[Source data]
Content starts
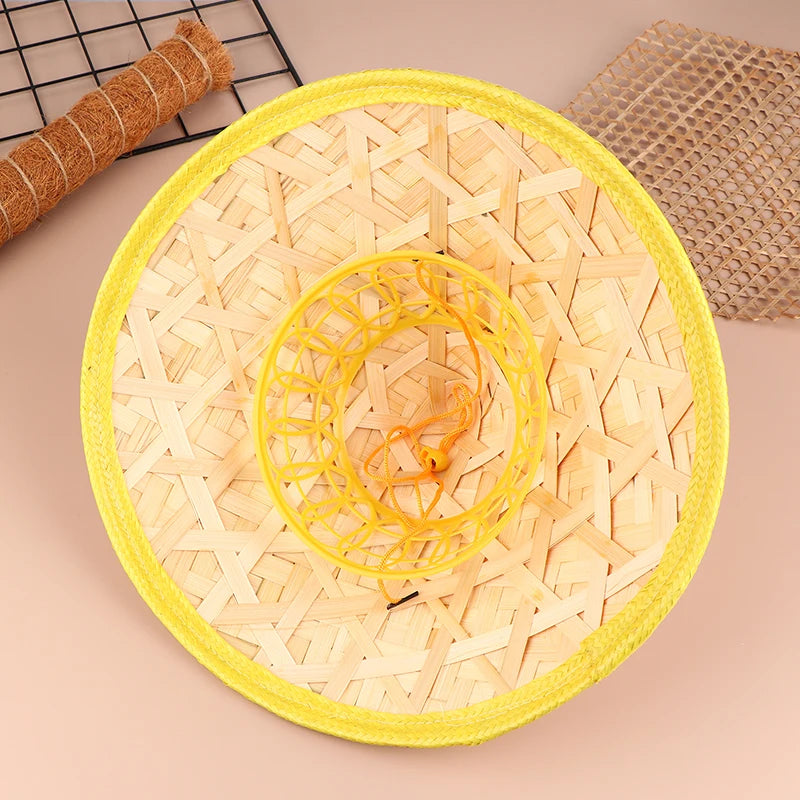 Chinese Retro Bamboo Rattan Fisherman Hat Handmade Weave Straw Bucket Hat Tourism Rain Dance Props Cone Fishing Sunshade Hat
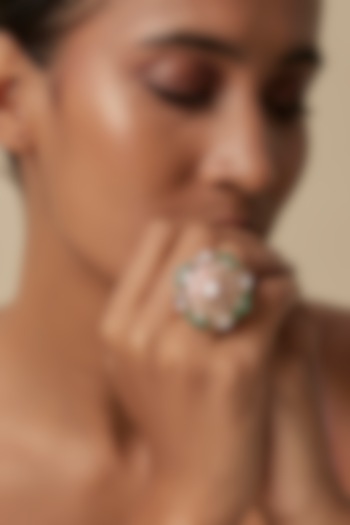 Gold Finish Uncut Zircon & Emerald Stone Adjustable Ring by Aryah Jewels at Pernia's Pop Up Shop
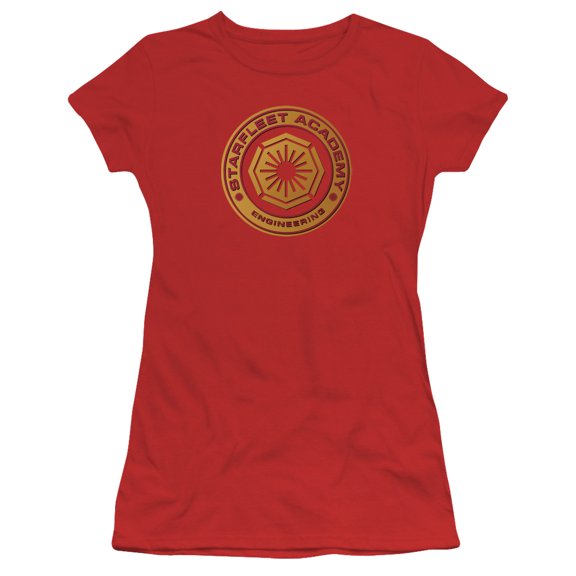 Star Trek Engineering Junior Women's Sheer T-Shirt Red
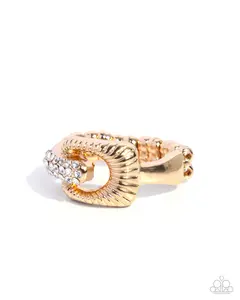 Captivating Confidence - Gold Buckle Ring - Paparazzi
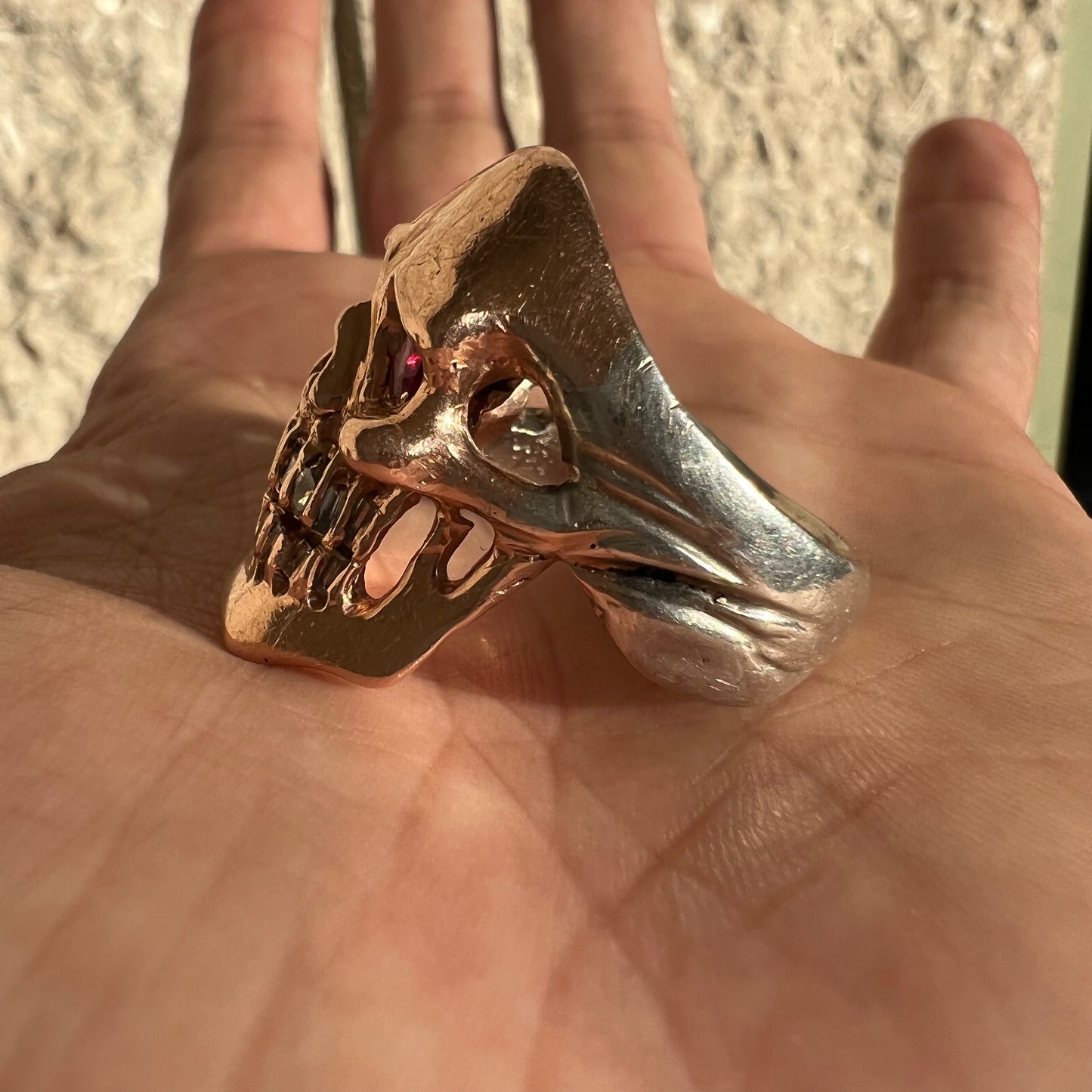 Vintage Custom 14k Rose Gold And Sterling Natural Diamond And Ruby Encrusted Skull Ring (10)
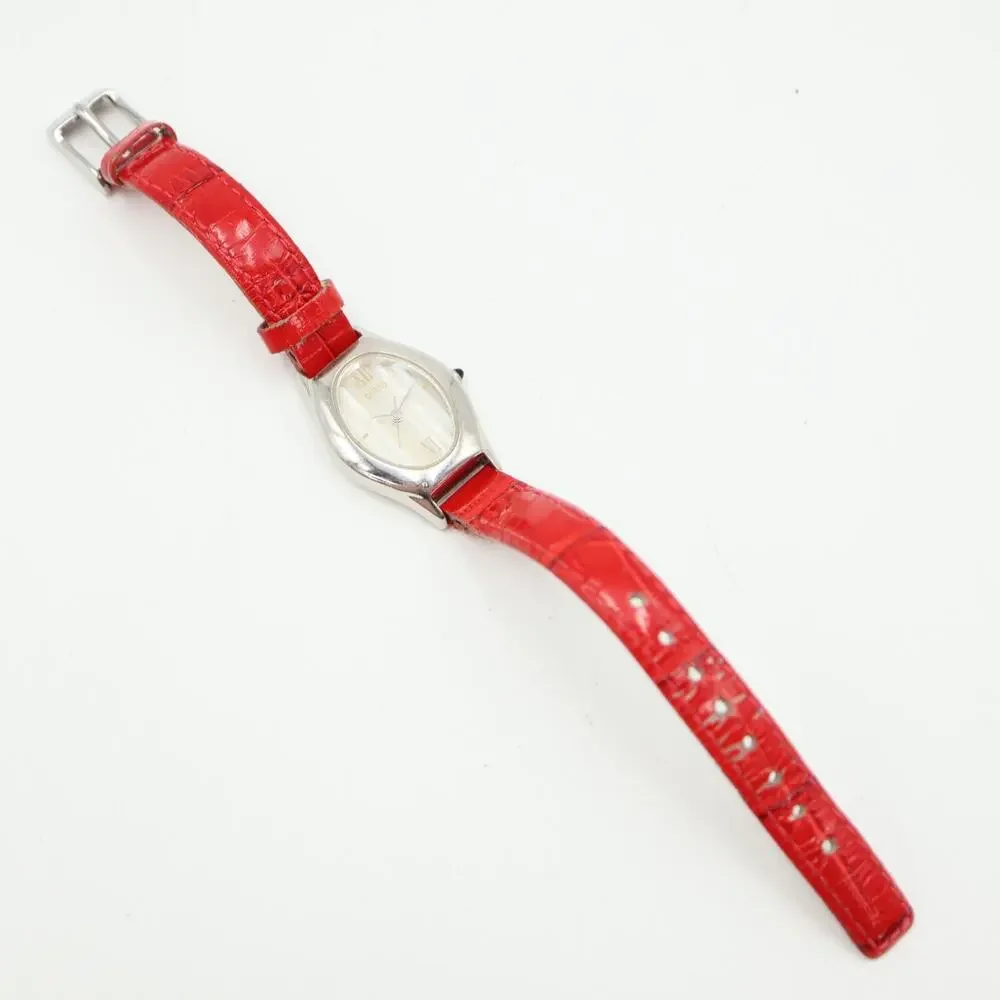 Vintage 1996 Guess Striped MOP Watch 22mm Oval Dial Red Leather w New Battery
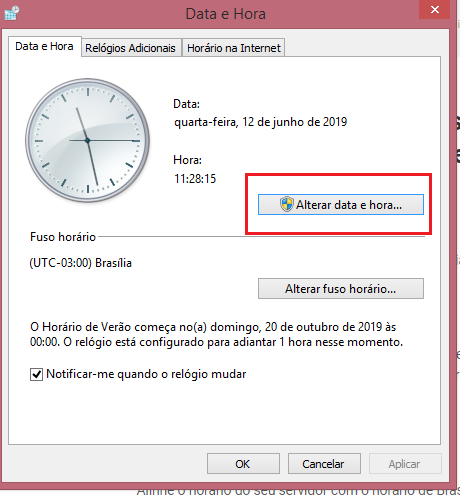 Rejeição 506 - Data e hora Windows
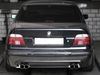 Eisenmann Edelstahl Duplex Sportauspuff RACE-Version BMW E39 520i-530i Limo mit Serienheckschürze je 2x76mm rund scharf gerade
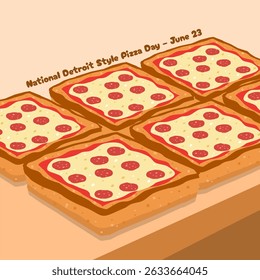 National Detroit Style Pizza Day to celebrate on June 23rd. Square-cut pizza style on table. Food event banner.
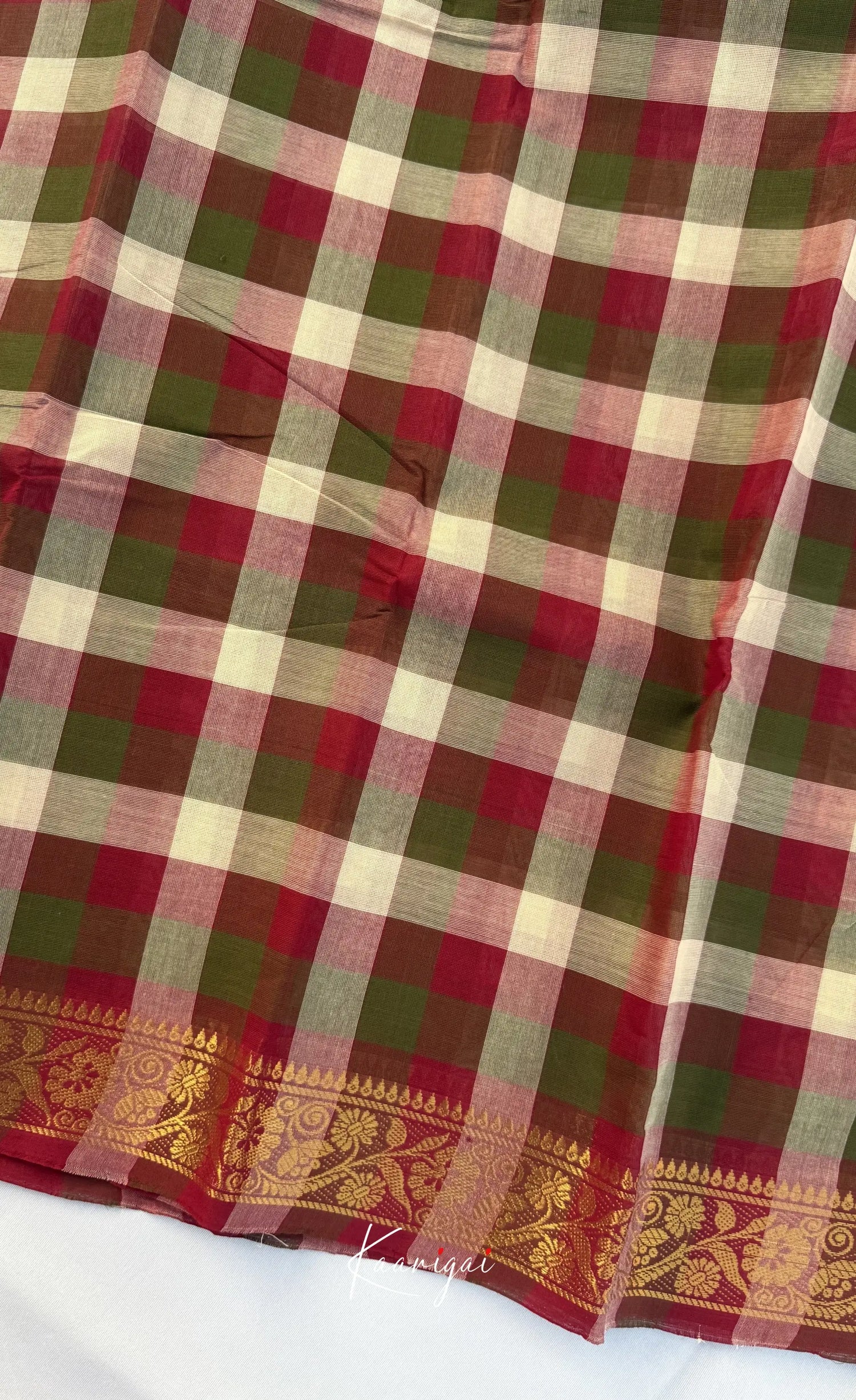 Nalinam - Maroon and White Kandangi Checks Saree with Contrast Blouse - Sarees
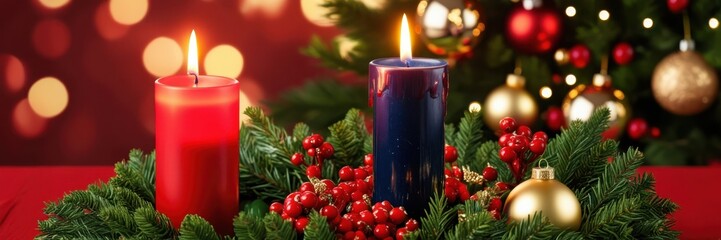 Christmas candles, pine branches, golden ornaments, red berries, bokeh lights, festive atmosphere, warm glow, holiday decorations, red and green color scheme, cozy ambiance, traditional Christmas scen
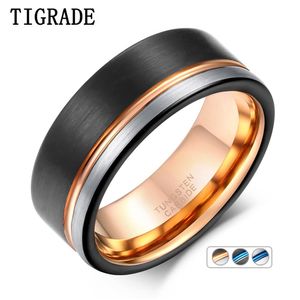 TIGRADE Ring Men Tungsten Black Rose Gold Line Brushed 6/8mm Wedding Band Engagement Men's Party Jewelry Bague Homme 210610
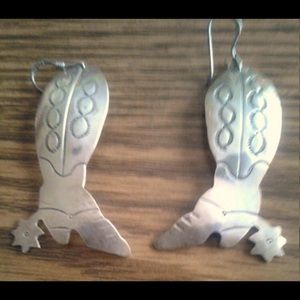 Vintage Boots & Spurs Native American Sterling Earrings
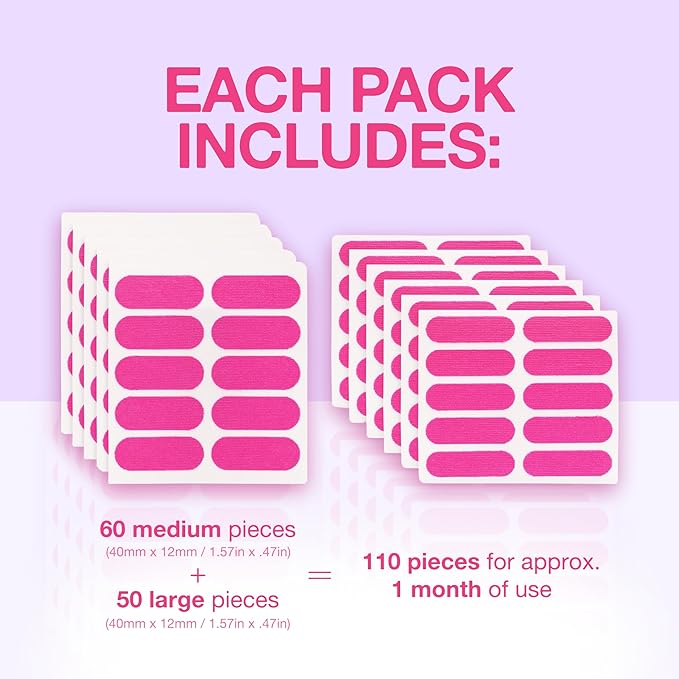 Overnight Anti Wrinkle Patches for Women - Japanese Face Tape for Forehead, Smile Lines - Pre-Cut Kinesiology Face Tape in 2 Sizes - Skin Safe, Latex-Free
Content ends
ACTIVITY → Without including any picture, repeat the data exactly.

ANSWER FOR THIS EXERCISE →
 Chinese Retro Bamboo Rattan Fisherman Hat Handmade Weave Straw Bucket Hat Tourism Rain Dance Props Cone Fishing Sunshade Hat
 Gold Finish Uncut Zircon & Emerald Stone Adjustable Ring by Aryah Jewels at Pernia's Pop Up Shop
 Star Trek Engineering Junior Women's Sheer T-Shirt Red
 Captivating Confidence - Gold Buckle Ring - Paparazzi
 Vintage Custom 14k Rose Gold And Sterling Natural Diamond And Ruby Encrusted Skull Ring (10)
 Vintage 1996 Guess Striped MOP Watch 22mm Oval Dial Red Leather w New Battery
 Rejeição 506 - Data e hora Windows
 Eisenmann Edelstahl Duplex Sportauspuff RACE-Version BMW E39 520i-530i Limo mit Serienheckschürze je 2x76mm rund scharf gerade
 National Detroit Style Pizza Day to celebrate on June 23rd. Square-cut pizza style on table. Food event banner.
 Nalinam - Maroon and White Kandangi Checks Saree with Contrast Blouse - Sarees
 Christmas candles, pine branches, golden ornaments, red berries, bokeh lights, festive atmosphere, warm glow, holiday decorations, red and green color scheme, cozy ambiance, traditional Christmas scen
 TIGRADE Ring Men Tungsten Black Rose Gold Line Brushed 6/8mm Wedding Band Engagement Men's Party Jewelry Bague Homme 210610
 Vintage Boots & Spurs Native American Sterling Earrings
 Overnight Anti Wrinkle Patches for Women - Japanese Face Tape for Forehead, Smile Lines - Pre-Cut Kinesiology Face Tape in 2 Sizes - Skin Safe, Latex-Free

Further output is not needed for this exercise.